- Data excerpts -
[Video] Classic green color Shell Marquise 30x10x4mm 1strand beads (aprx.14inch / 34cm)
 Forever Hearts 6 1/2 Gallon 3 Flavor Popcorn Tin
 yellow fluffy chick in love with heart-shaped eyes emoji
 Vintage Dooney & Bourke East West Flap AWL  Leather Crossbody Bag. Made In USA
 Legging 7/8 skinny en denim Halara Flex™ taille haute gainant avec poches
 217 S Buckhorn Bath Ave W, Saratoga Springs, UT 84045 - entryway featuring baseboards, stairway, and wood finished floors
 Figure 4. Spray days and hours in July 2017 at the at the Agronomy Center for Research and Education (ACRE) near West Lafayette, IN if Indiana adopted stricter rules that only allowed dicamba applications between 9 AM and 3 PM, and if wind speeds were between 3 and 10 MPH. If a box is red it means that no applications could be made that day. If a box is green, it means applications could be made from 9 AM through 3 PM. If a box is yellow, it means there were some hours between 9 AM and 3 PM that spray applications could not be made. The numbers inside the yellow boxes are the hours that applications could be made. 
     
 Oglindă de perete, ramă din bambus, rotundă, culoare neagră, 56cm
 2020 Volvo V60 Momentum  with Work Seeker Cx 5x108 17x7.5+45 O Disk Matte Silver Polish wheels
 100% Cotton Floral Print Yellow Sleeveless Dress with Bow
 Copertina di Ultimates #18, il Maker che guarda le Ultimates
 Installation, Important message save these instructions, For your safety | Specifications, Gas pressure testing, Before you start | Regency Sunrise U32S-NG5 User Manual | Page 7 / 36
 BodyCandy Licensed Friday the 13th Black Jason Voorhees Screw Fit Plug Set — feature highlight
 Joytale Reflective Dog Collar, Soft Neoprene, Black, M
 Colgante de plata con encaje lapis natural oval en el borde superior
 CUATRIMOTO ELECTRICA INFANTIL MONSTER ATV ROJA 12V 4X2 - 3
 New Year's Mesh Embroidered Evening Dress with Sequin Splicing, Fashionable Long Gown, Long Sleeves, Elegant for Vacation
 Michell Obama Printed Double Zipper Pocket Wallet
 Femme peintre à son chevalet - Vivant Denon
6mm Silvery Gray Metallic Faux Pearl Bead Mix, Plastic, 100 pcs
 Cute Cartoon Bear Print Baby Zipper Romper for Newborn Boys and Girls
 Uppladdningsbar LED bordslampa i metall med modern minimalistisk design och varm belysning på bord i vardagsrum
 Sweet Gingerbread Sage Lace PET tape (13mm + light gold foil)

- Task to carry out -
Your task is to retype the data exactly, with no line missing.

- Task output -
[Video] Classic green color Shell Marquise 30x10x4mm 1strand beads (aprx.14inch / 34cm)
 Forever Hearts 6 1/2 Gallon 3 Flavor Popcorn Tin
 yellow fluffy chick in love with heart-shaped eyes emoji
 Vintage Dooney & Bourke East West Flap AWL  Leather Crossbody Bag. Made In USA
 Legging 7/8 skinny en denim Halara Flex™ taille haute gainant avec poches
 217 S Buckhorn Bath Ave W, Saratoga Springs, UT 84045 - entryway featuring baseboards, stairway, and wood finished floors
 Figure 4. Spray days and hours in July 2017 at the at the Agronomy Center for Research and Education (ACRE) near West Lafayette, IN if Indiana adopted stricter rules that only allowed dicamba applications between 9 AM and 3 PM, and if wind speeds were between 3 and 10 MPH. If a box is red it means that no applications could be made that day. If a box is green, it means applications could be made from 9 AM through 3 PM. If a box is yellow, it means there were some hours between 9 AM and 3 PM that spray applications could not be made. The numbers inside the yellow boxes are the hours that applications could be made. 
     
 Oglindă de perete, ramă din bambus, rotundă, culoare neagră, 56cm
 2020 Volvo V60 Momentum  with Work Seeker Cx 5x108 17x7.5+45 O Disk Matte Silver Polish wheels
 100% Cotton Floral Print Yellow Sleeveless Dress with Bow
 Copertina di Ultimates #18, il Maker che guarda le Ultimates
 Installation, Important message save these instructions, For your safety | Specifications, Gas pressure testing, Before you start | Regency Sunrise U32S-NG5 User Manual | Page 7 / 36
 BodyCandy Licensed Friday the 13th Black Jason Voorhees Screw Fit Plug Set — feature highlight
 Joytale Reflective Dog Collar, Soft Neoprene, Black, M
 Colgante de plata con encaje lapis natural oval en el borde superior
 CUATRIMOTO ELECTRICA INFANTIL MONSTER ATV ROJA 12V 4X2 - 3
 New Year's Mesh Embroidered Evening Dress with Sequin Splicing, Fashionable Long Gown, Long Sleeves, Elegant for Vacation
 Michell Obama Printed Double Zipper Pocket Wallet
 Femme peintre à son chevalet - Vivant Denon
6mm Silvery Gray Metallic Faux Pearl Bead Mix, Plastic, 100 pcs
 Cute Cartoon Bear Print Baby Zipper Romper for Newborn Boys and Girls
 Uppladdningsbar LED bordslampa i metall med modern minimalistisk design och varm belysning på bord i vardagsrum
 Sweet Gingerbread Sage Lace PET tape (13mm + light gold foil)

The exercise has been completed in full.